**Work to be completed:**
Both the line below containing "Aerial view of" and the line containing "Brighton, UK. 13th", along with every line between them, should be repeated exactly; no other line belongs in the answer.

**Data supplied:**
==================================================
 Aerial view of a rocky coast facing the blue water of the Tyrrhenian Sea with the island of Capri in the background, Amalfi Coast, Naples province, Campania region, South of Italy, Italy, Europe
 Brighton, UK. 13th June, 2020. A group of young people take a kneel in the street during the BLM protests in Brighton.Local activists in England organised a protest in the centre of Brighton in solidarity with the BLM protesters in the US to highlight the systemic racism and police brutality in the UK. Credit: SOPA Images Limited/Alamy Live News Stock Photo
==================================================
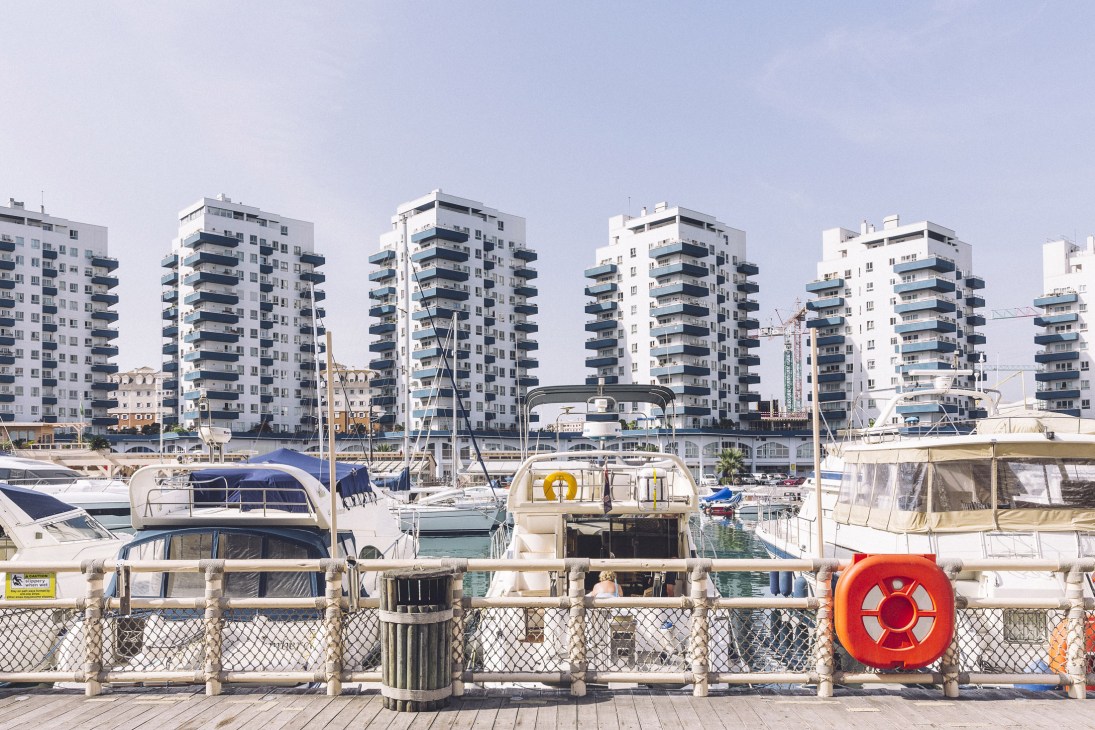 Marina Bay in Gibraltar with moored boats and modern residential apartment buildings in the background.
==================================================
**Answer box:**
 Aerial view of a rocky coast facing the blue water of the Tyrrhenian Sea with the island of Capri in the background, Amalfi Coast, Naples province, Campania region, South of Italy, Italy, Europe
 Brighton, UK. 13th June, 2020. A group of young people take a kneel in the street during the BLM protests in Brighton.Local activists in England organised a protest in the centre of Brighton in solidarity with the BLM protesters in the US to highlight the systemic racism and police brutality in the UK. Credit: SOPA Images Limited/Alamy Live News Stock Photo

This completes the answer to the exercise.